Beijing has said that China did not ask Russia to postpone its invasion of Ukraine until after the Winter Olympics.
Foreign Ministry spokesman Wang Wenbin called a New York Times report suggesting China had made such a request “fake news” in comments to the press on Thursday.
“Such a method of diverting attention and assigning blame is despicable,” Mr Wenbin said, repeating the accusations that NATO expansion had caused the conflict.
“Those who create the problem should be the ones who solve it.”
The report in The New York Times referred to a “Western intelligence report,” and claimed that a senior Chinese official had told a Russian counterpart in early February not to invade Ukraine before the end of the Winter Games, according to a senior US government official and a European official.

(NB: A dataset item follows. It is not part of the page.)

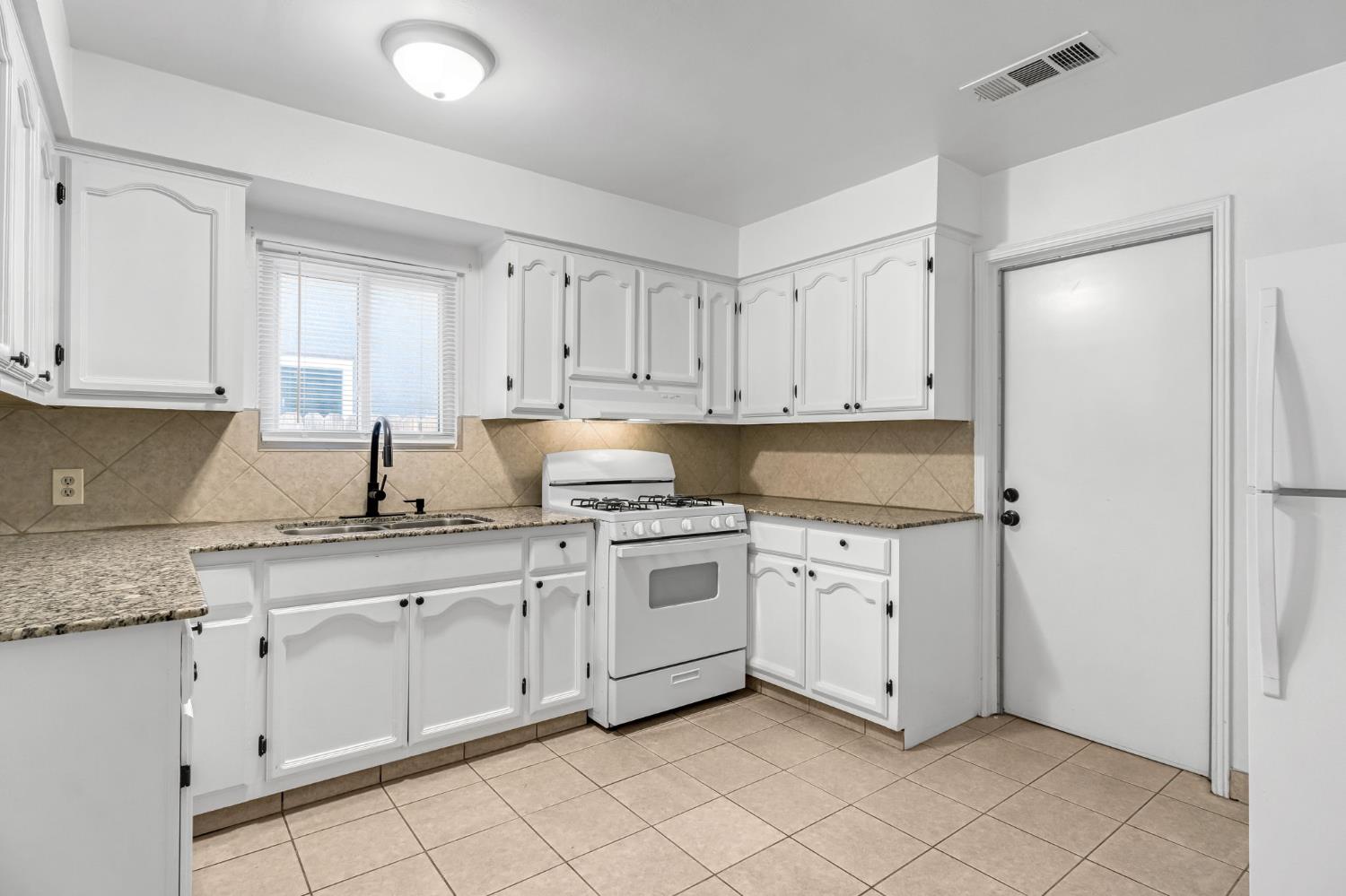 4033 E Brentwood Avenue, Fresno, CA, 93703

Russia only invaded Ukraine after the Games closing ceremony on February 20.
US State Department deputy spokeswoman Jalina Porter dodged a question about the report, saying the world was watching which nations stood up for Ukraine and the basic principles of freedom or territorial integrity and sovereignty, and which supported Russia.
Russian President Vladimir Putin met Chinese leader Xi Jinping in Beijing on February 4 for the opening of the Games, and both affirmed their “strategic partnership” in a show of solidarity aimed at the US, their shared rival. Both also condemned NATO’s eastward expansion.
The New York Times said the intelligence report did not necessarily indicate that an exchange about the invasion had taken place between Putin and Xi.
The New York Times had previously quoted US sources saying that Beijing had been warned several times by Washington that a Russian invasion of Ukraine was imminent, but that China had dismissed the possibility.